You ask:
Is the non-physical amenable to research and investigation?
Ceteris paribus, yes. Many non-physical phenomena are investigated. In the exotic cases for we secular physicalists, we have para-psychology or theological research where the supernatural is presumed to exist. Now, that being said, many who are militant against the supernatural will answer no, so in that vein, you'll find those here who will reject it based on their metaphysical framework; but this knee-jerk response is from those not aware of thir metaphysical biases. From a purely philosophical perspective, the non-physical can be investigated.

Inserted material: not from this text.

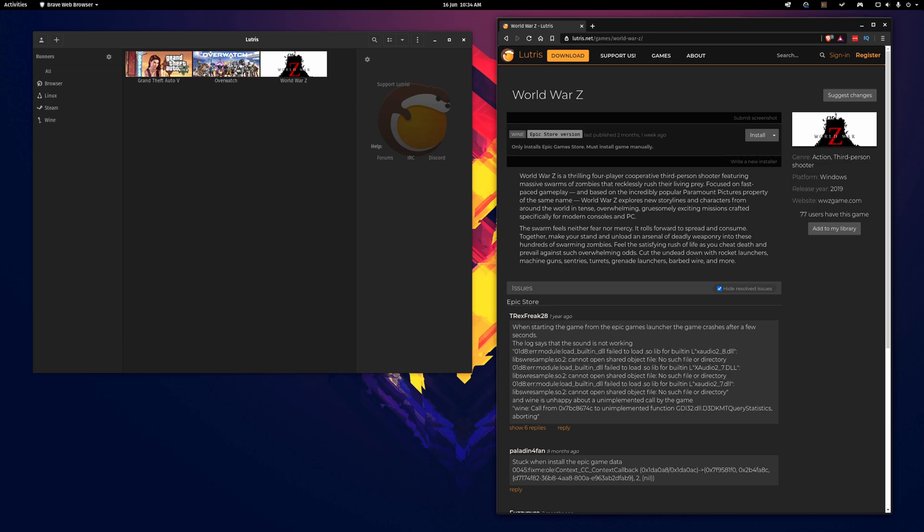Hello everyone, welcome to my channel. In today's video I'm comparing World War Z on PopOS vs Windows performance.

Even if you reject the supernatural, the formal sciences are largely taken not to be empirical disciplines primarily. Mathematics and logic is not about utterances and media; it's about ideas. A Platonist will certainly endorse the idea that mathematical objects, which are abstract objects can be investigated despite lacking a physical property. And you won't find many logicians who endorse the idea that propositions have some physical dimension. Ideas, concepts, and meanings are taken to be "above or over" the physical media that conveys them by many, and this bleeds into realist metaphysical positions.
You state:
By methodologies of investigation or research, I mean any procedures that could be followed by an individual to acquire knowledge or gain a deeper understanding of non-physical aspects of reality that the methodology is designed to explore or study.

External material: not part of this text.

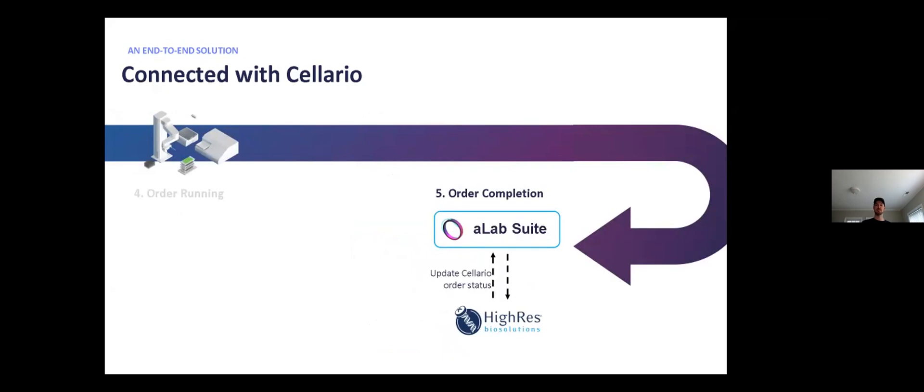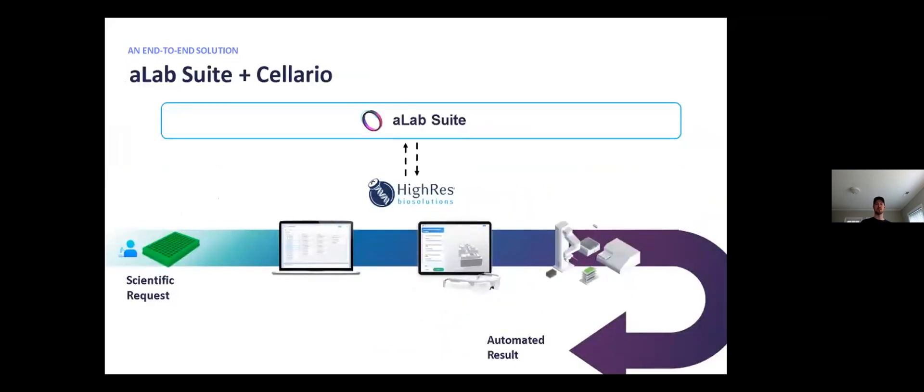And upon completion of the order, A-Lab Suite can update the digital twin with the resulting inventory status from Solario, show the user how to unload the job using an unload assistant and the digital twin. And then once the user confirms that these plates have been unloaded in the digital twin, A-Lab Suite can complete the order in Solario, thereby allowing Solario to unload the plates from its inventory system as well.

Here, I'm concerned you are taking a woo-like approach to reality. There is physical reality built on causal closure and spatiotemporal extension, and putative abstractions and non-physical entities are attributed to it in various ways by various thinkers. In modern science, the chief methodology for investigating that without a physical basis is operationalization. Philosophically, the primary method is scientific in that is a form of scientific reduction (SEP). From the article:
Reductivists are generally realists about the reduced phenomena and their views are in that respect conservative. They are committed to the reality of the reducing base and thus to the reality of whatever reduces to that base. If thoughts reduce to brain states and if these brain states are real, then so too are thoughts. Though conservative realism is the norm, some reductionists take a more anti-realist view. In such cases the reducing phenomena are taken to replace the prior phenomena which are in turn eliminated. The idea of mental illness as a type of psycho-neural disorder replaced the idea of demon possession. Demons and their voices have no role or reality in the new theory. The oxygen theory of combustion replaced the phlogiston theory and phlogiston was eliminated.

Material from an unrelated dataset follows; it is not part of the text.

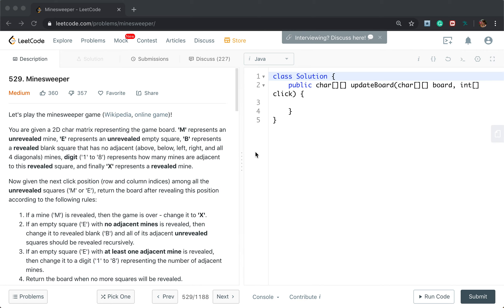Hello friends, today let's solve the Minesweeper problem. Let's first see the statement.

So, when dealing with things that are outside the bounds of the physical, by setting up repeatable and measurable procedures helps us to determine theories to account for things that don't have directly obtainable empirical properties. Energy is a perfect example. Most physicists will tell you energy is physical, but something like potential energy doesn't actually have directly observable physical properties. This undermines realist arguments and is seized upon by instrumentalists to claim that the case made traditionally by scientific realists is overstated, and that observation and theory are interrelated as in the case of theory-ladenness. There's a gulf between the senses and the intellect created by the phenomenological perspective, and it's not quite so simple to bridge. Just look at the conceptual complexity of Kant's CPR!